§ What to work on
Copy out the data exactly, leaving the pictures behind.

§ Recorded data
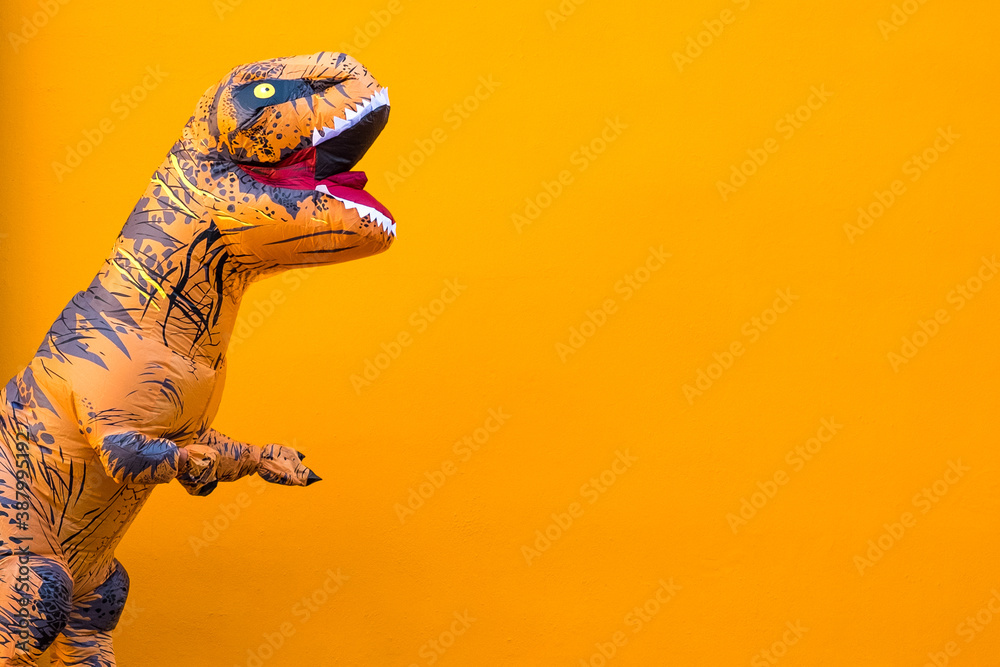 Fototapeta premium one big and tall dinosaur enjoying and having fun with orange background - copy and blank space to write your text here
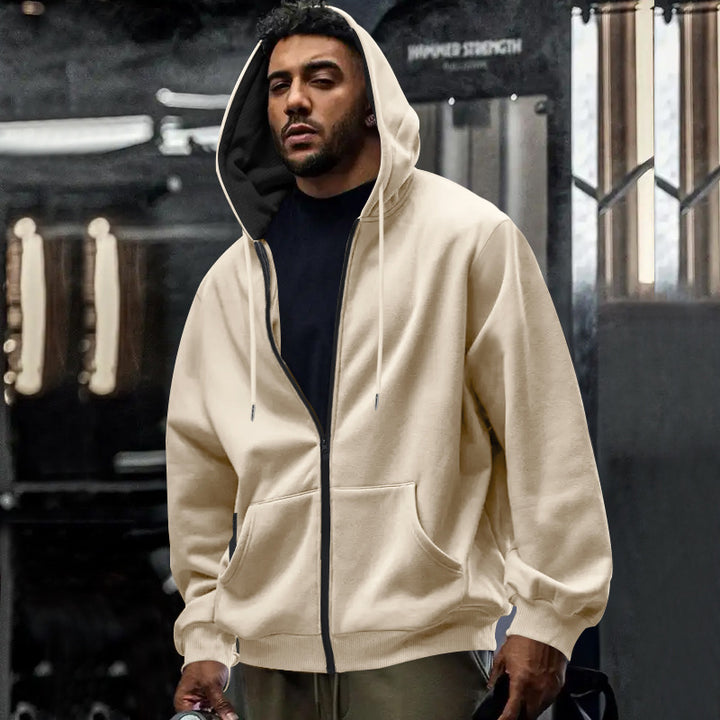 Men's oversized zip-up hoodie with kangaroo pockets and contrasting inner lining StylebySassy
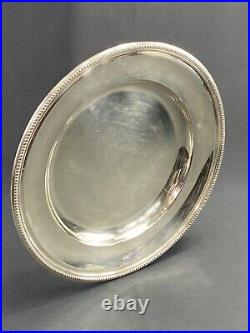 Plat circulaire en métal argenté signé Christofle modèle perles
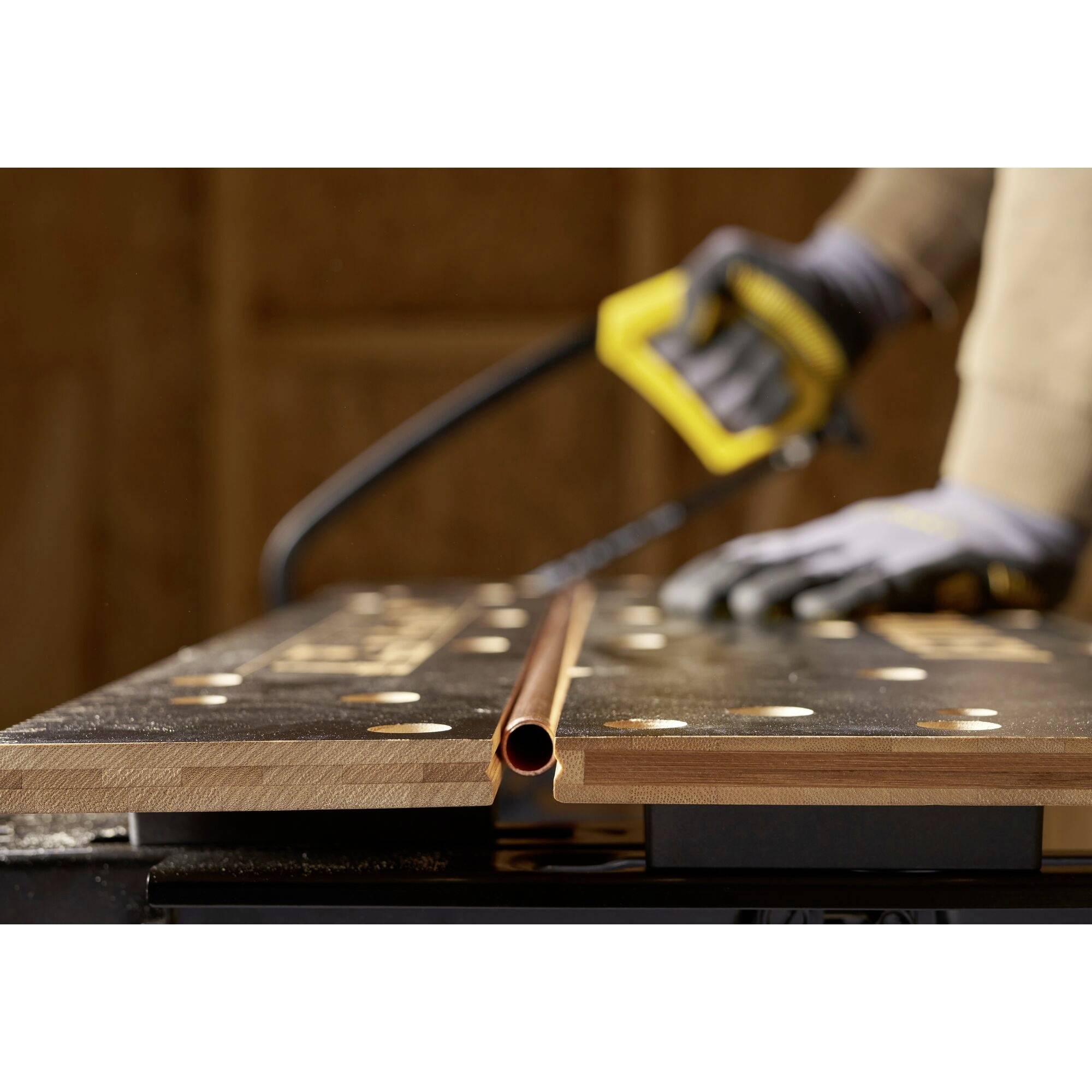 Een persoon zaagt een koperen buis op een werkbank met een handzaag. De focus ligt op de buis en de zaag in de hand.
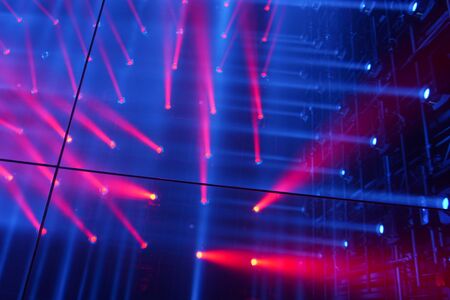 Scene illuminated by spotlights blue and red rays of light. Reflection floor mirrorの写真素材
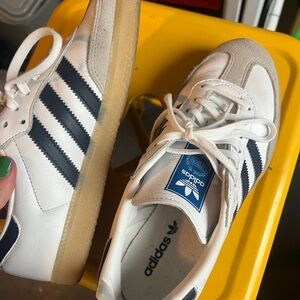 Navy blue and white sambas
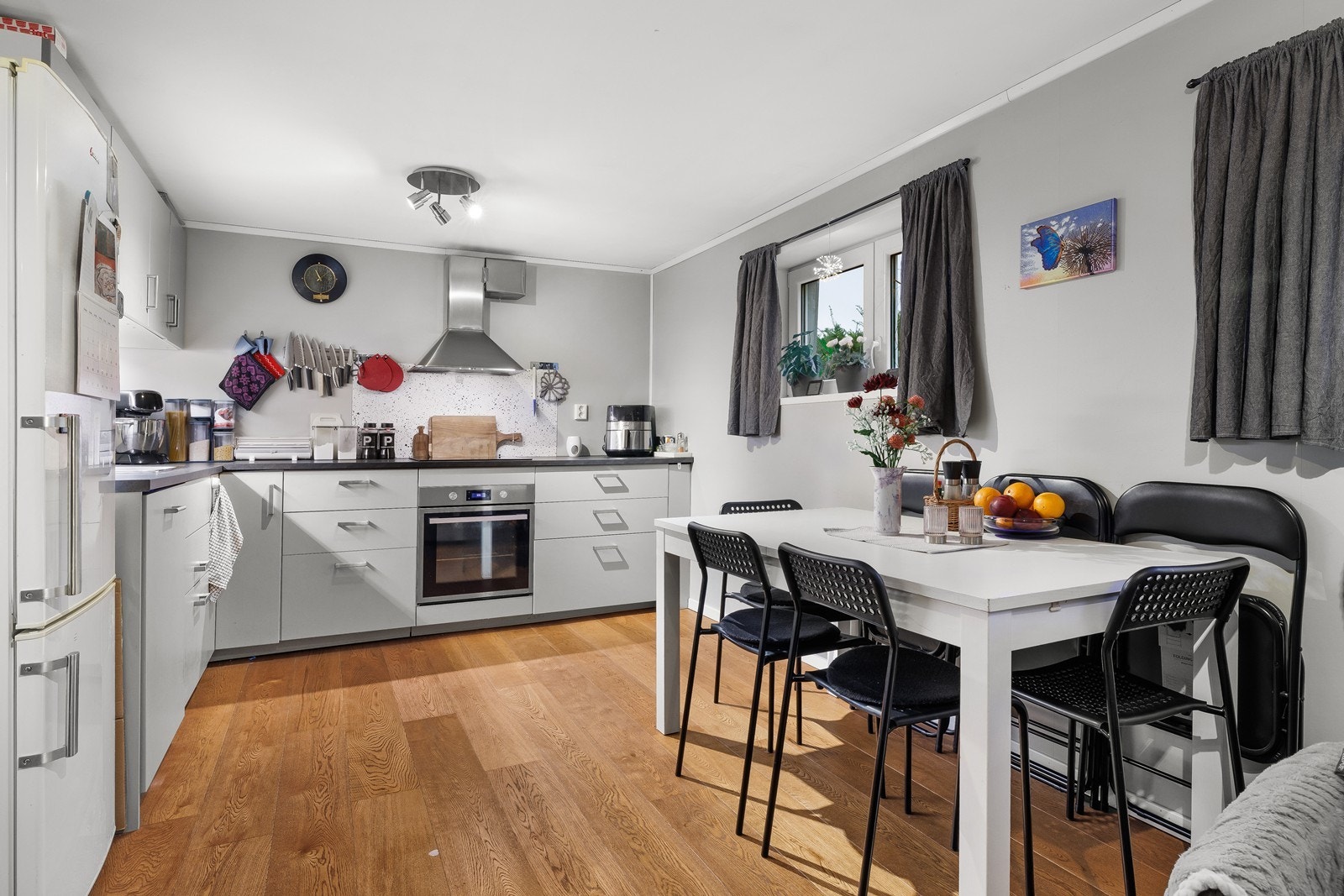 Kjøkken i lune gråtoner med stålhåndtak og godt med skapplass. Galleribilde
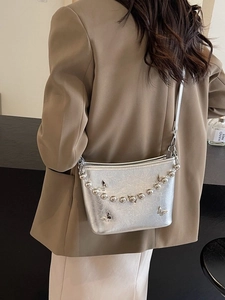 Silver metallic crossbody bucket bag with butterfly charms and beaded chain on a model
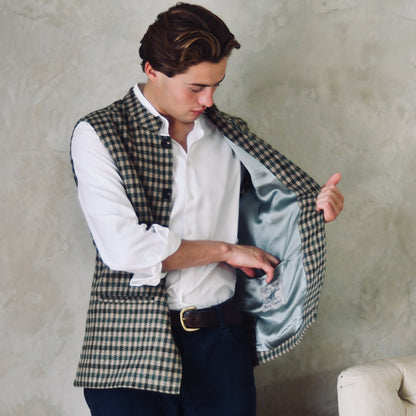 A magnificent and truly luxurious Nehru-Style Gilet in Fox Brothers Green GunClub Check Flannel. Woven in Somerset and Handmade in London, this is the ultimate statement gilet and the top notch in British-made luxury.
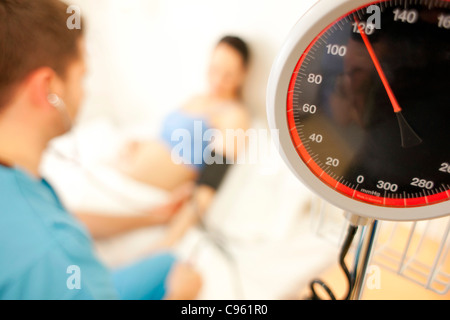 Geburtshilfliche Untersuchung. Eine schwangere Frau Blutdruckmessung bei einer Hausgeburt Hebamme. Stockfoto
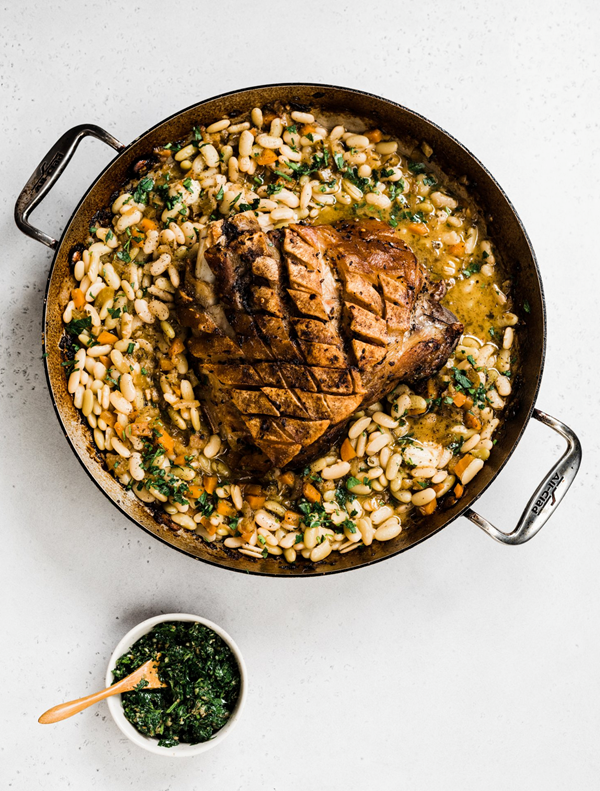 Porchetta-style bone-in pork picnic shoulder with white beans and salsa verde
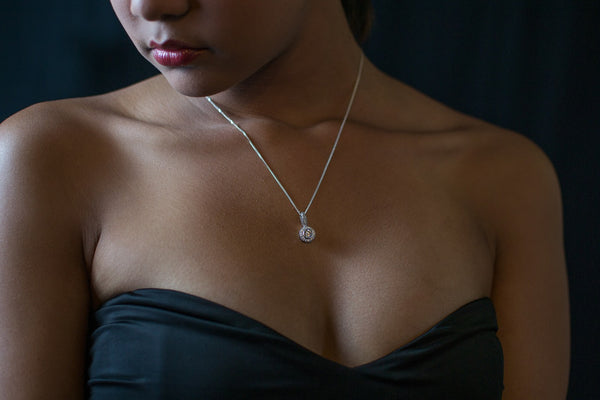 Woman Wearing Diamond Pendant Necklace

§ Exercise response
 Fototapeta premium one big and tall dinosaur enjoying and having fun with orange background - copy and blank space to write your text here
 Men's oversized zip-up hoodie with kangaroo pockets and contrasting inner lining StylebySassy
 Plat circulaire en métal argenté signé Christofle modèle perles
 Een persoon zaagt een koperen buis op een werkbank met een handzaag. De focus ligt op de buis en de zaag in de hand.
 Scene illuminated by spotlights blue and red rays of light. Reflection floor mirrorの写真素材
 Navy blue and white sambas
 Kjøkken i lune gråtoner med stålhåndtak og godt med skapplass. Galleribilde
 Silver metallic crossbody bucket bag with butterfly charms and beaded chain on a model
 A magnificent and truly luxurious Nehru-Style Gilet in Fox Brothers Green GunClub Check Flannel. Woven in Somerset and Handmade in London, this is the ultimate statement gilet and the top notch in British-made luxury.
 Geburtshilfliche Untersuchung. Eine schwangere Frau Blutdruckmessung bei einer Hausgeburt Hebamme. Stockfoto
 Porchetta-style bone-in pork picnic shoulder with white beans and salsa verde
 Woman Wearing Diamond Pendant Necklace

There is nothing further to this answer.